No le he contestado y tampoco pienso hacerlo. Y es que en ningún momento él habló sobre nuestras conversaciones, nuestra conexión, los planes que me dijo, sus gestos tiernos y amorosos; tampoco me dijo qué cambió, si algo hice que le causara rechazo, o si en definitiva fue algo que él concluyó por otra cosa.

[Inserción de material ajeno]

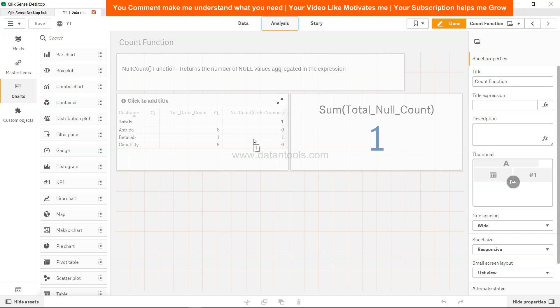So that's about it in this video, and I'll meet you in the new video with a new topic.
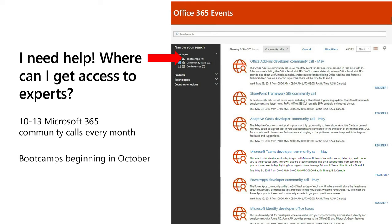We also do boot camps, and these start in the early October timeframe. You can come in for on-site training on how you can better leverage the Microsoft 365 platform. It's all day — it's you and a group of PMs and engineers working side-by-side on the solution that you're trying to build.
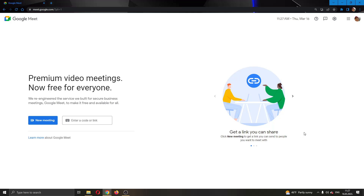Hey everybody, welcome back to today's video. Today I will be showing you how to transfer the host to somebody else in your meetings in Google Meet. Make sure to watch this quick and easy video till the very end and follow my steps correctly, so you can make sure this works the same for you. Let's get straight into it.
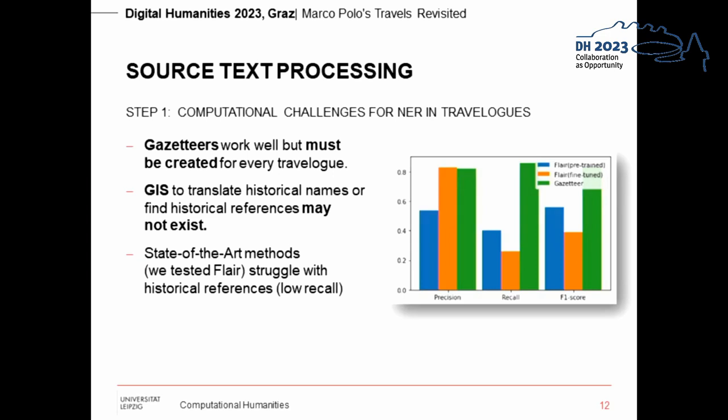We explored how well state-of-the-art computational methods work here and find that gazetteers work very well if they are carefully crafted. This is a lot of work and must probably be done for each historical travel log. We tested Flair, which did not work very well, particularly with respect to recall. This is likely due to historical names which are unknown to the model, but also the historical language used, which is uncommon in most training datasets for this AI-based model.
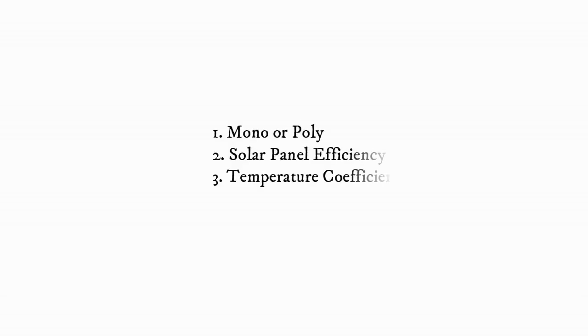So if you do want to consider specifications, you should think about mono or poly, solar panel efficiency, and the temperature coefficient.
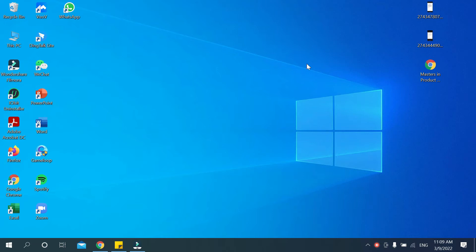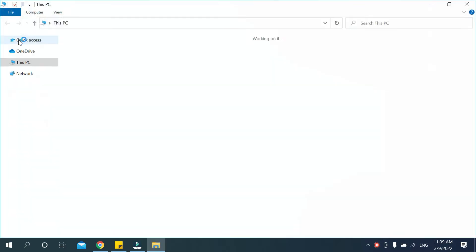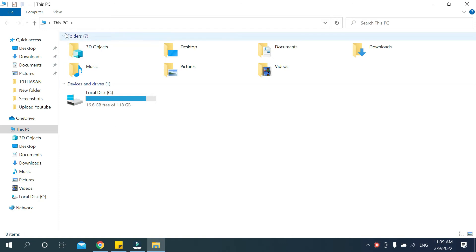First, you need to open This PC. Now you need to click on the top left corner red mark icon. There you can see a small icon red mark, just open it.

Él prefirió ocultar eso, dejarlo para él, tomó una solución fácil, sin riesgos y bastante buena: decir la verdad de forma superficial y culparse sin dar mayor detalles.
He compartido su correo con varias personas, a algunas les he dado el contexto y a otras no, y la reacción es la misma: “suena sincero”. El problema es que en ningún momento se hace cargo de cómo llegamos a ese punto de la relación.
Como la típica frase “no eres tú, soy yo”. Claro, en ella “asume su culpa”, pero con un argumento para no discutir, para no interpelar nada, a menos que uno quiera quedar como una loca. Porque si uno busca tener una conversación con alguien y la otra persona empieza asintiendo con la cabeza y diciendo tienes razón, ¿qué más se puede decir?
Quisiera decir que salí fortalecida de este breve “romance”, pero su repentino rechazo me dejó un montón de preguntas atascadas en el pecho, con la sensación de desconocer completamente a alguien que creía que estaba conociendo mucho. Creo que es necesario reflexionar sobre el concepto de responsabilidad afectiva. Llevarla a cabo no es ir por la vida haciendo lo que quiero, dañando a otros y después pidiendo perdón sin dar espacio a la reflexión.